ACTIVITY:
Give back, unaltered, the lines from the one with "Завтрак с чашкой кофе, круассанами и ягодами" to the end of the material, omitting pictures.

ENTRIES PROVIDED:
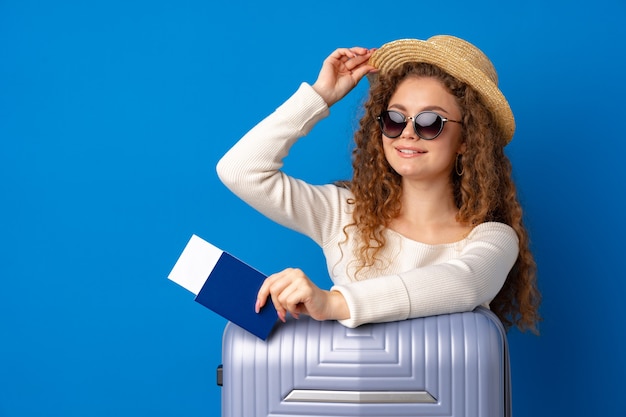 Belle jeune femme au chapeau en vacances avec valise sur fond bleu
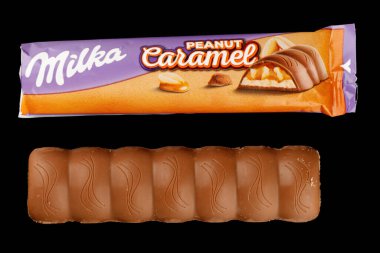 LVIV, UKRAINE - September 14, 2021: Milka Caramel peanut chocolate bar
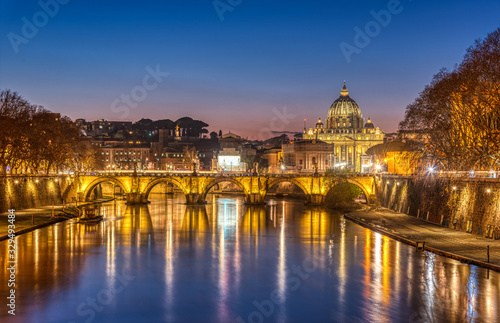 The Tiber river and St. Peters Basilica in the Vatican City, Italy, at twilight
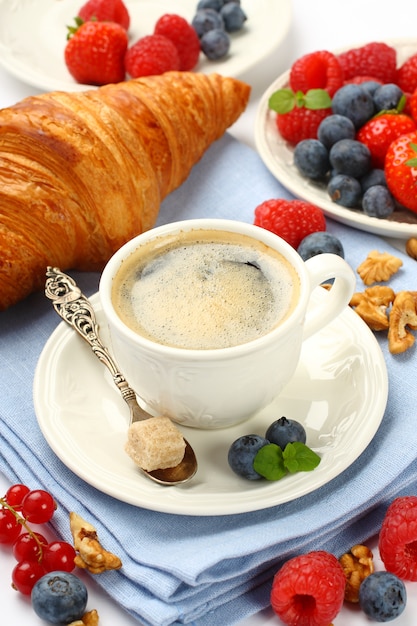 Завтрак с чашкой кофе, круассанами и ягодами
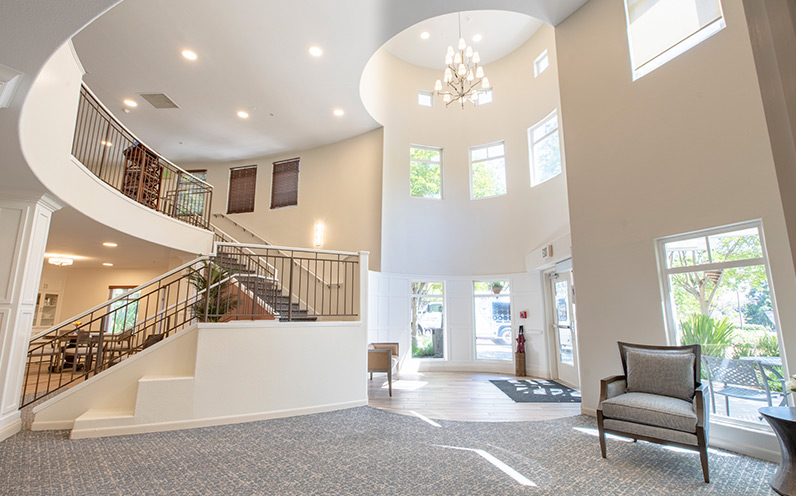 A lobby with lots of light and a curving staircase.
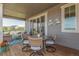 Outdoor patio featuring comfortable seating and a table for dining at 12513 Shore Point St, Firestone, CO 80504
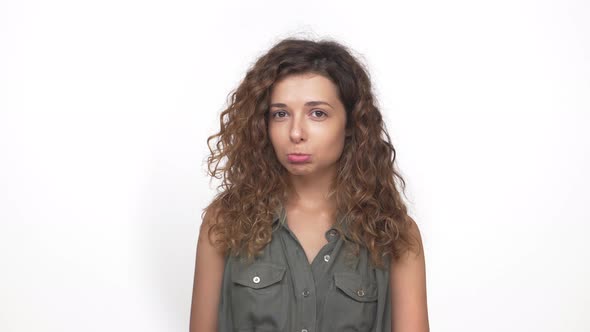 Charming Gentle Girl Pretending to Be Offended Smiling Feeling Happy Clapping Afterwards Isolated on alt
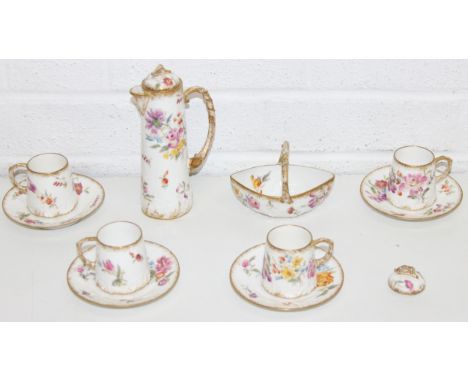 G. Demartine &amp; Cie of Limoges, a floral decorated small coffee set with four cups, four side plates, a small coffee pot a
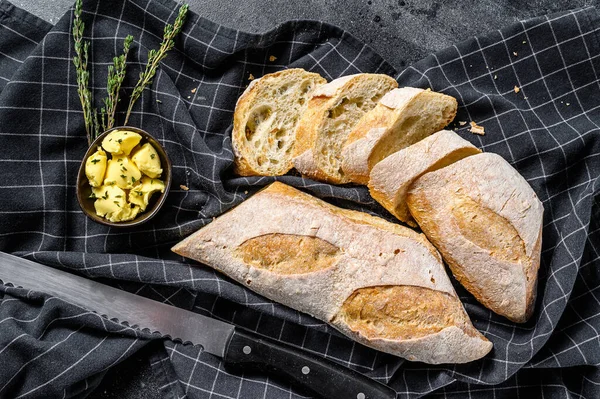 Artisanal Baguettes Cut Slice Butter Black Background Top View — Stock Photo, Image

YOUR SOLUTION:
 Завтрак с чашкой кофе, круассанами и ягодами
 A lobby with lots of light and a curving staircase.
 Outdoor patio featuring comfortable seating and a table for dining at 12513 Shore Point St, Firestone, CO 80504
 Charming Gentle Girl Pretending to Be Offended Smiling Feeling Happy Clapping Afterwards Isolated on alt
 G. Demartine &amp; Cie of Limoges, a floral decorated small coffee set with four cups, four side plates, a small coffee pot a
 Artisanal Baguettes Cut Slice Butter Black Background Top View — Stock Photo, Image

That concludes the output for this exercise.